- _RECORDED INFORMATION_
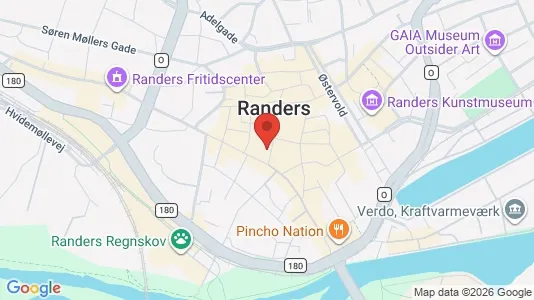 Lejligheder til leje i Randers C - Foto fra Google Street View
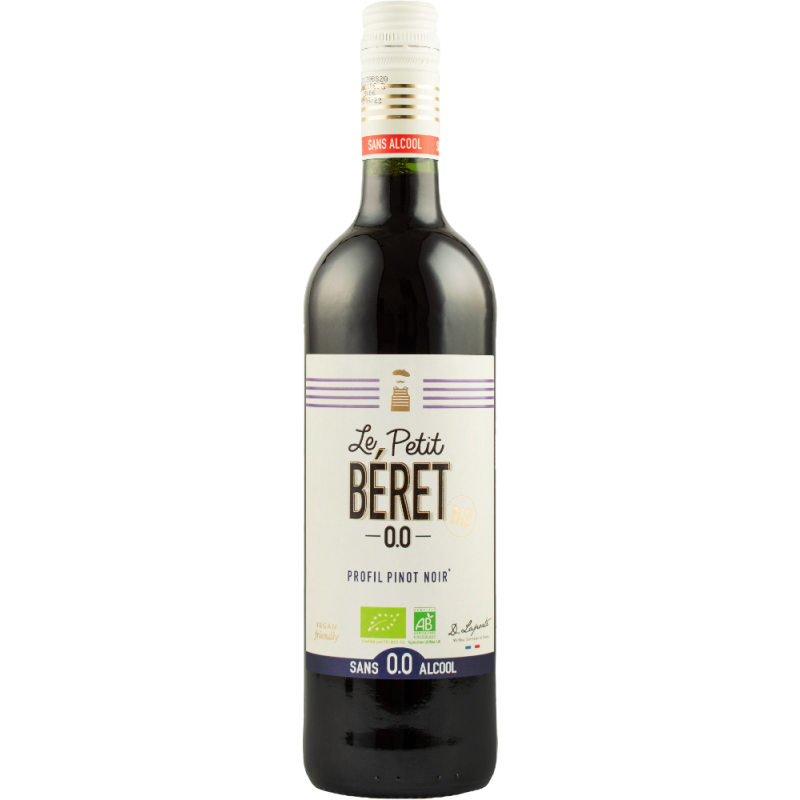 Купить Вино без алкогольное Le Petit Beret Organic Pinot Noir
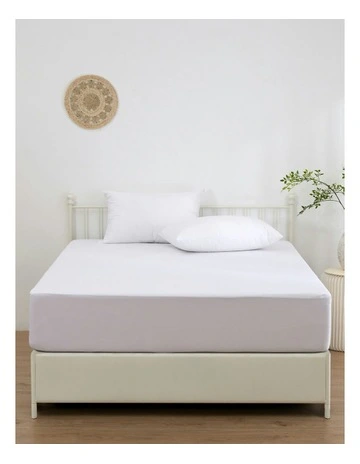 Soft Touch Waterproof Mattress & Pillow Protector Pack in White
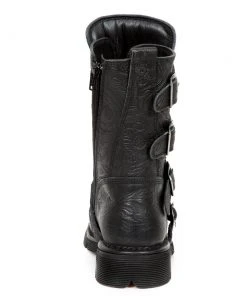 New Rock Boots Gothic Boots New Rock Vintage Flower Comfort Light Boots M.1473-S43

- _TASK INSTRUCTIONS_
Each line from the one containing "Купить Вино без" through the final line of the data must be reproduced exactly, both ends included, with no pictures in the copy.

- _EXERCISE SOLUTION_
 Купить Вино без алкогольное Le Petit Beret Organic Pinot Noir
 Soft Touch Waterproof Mattress & Pillow Protector Pack in White
 New Rock Boots Gothic Boots New Rock Vintage Flower Comfort Light Boots M.1473-S43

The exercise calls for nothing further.